== Available data
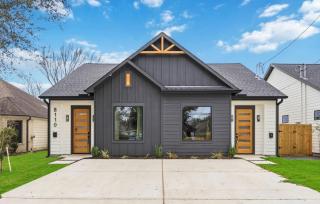 Modern 3BR Home I 5 Min to NRG Stadium & Med Center - 5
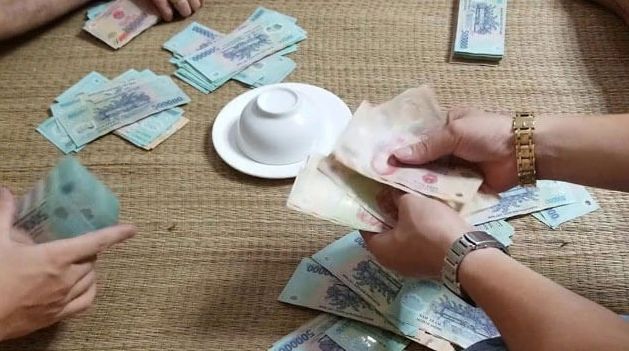 Hà Nội: Hơn 20 con bạc đang sát phạt trên sới “xóc đĩa” bị bắt quả tang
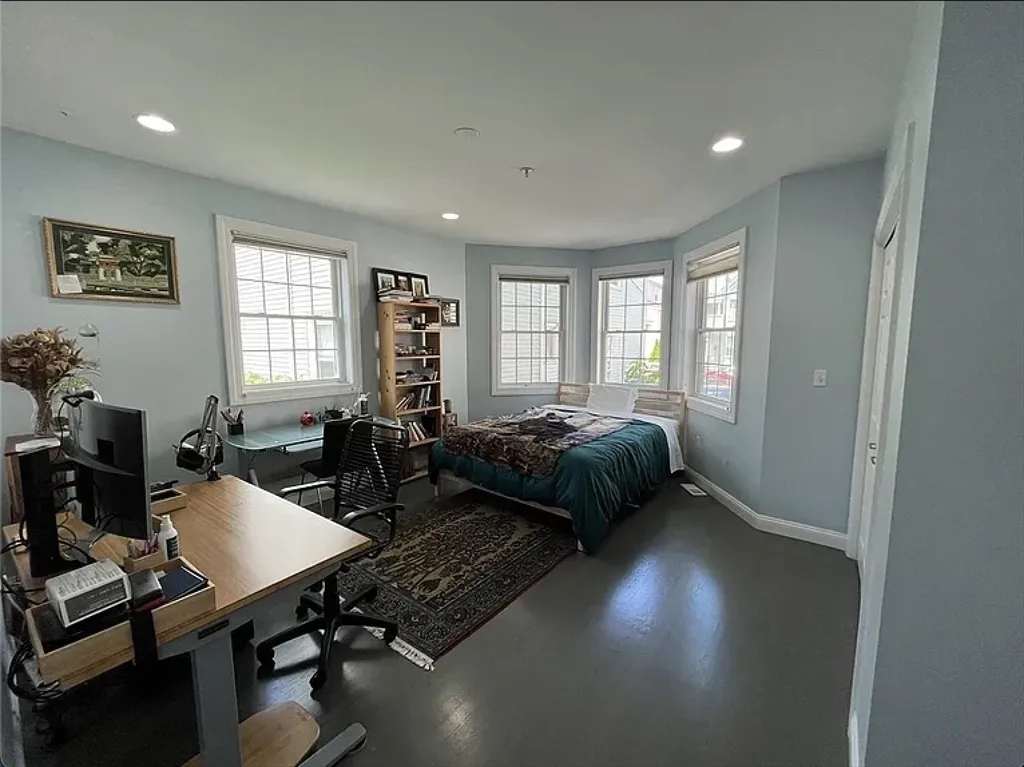 20R Cross St, East Somerville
====
■ Work item ■
Reproduce the data verbatim and omit each image.

■ Completed exercise ■
 Modern 3BR Home I 5 Min to NRG Stadium & Med Center - 5
 Hà Nội: Hơn 20 con bạc đang sát phạt trên sới “xóc đĩa” bị bắt quả tang
 20R Cross St, East Somerville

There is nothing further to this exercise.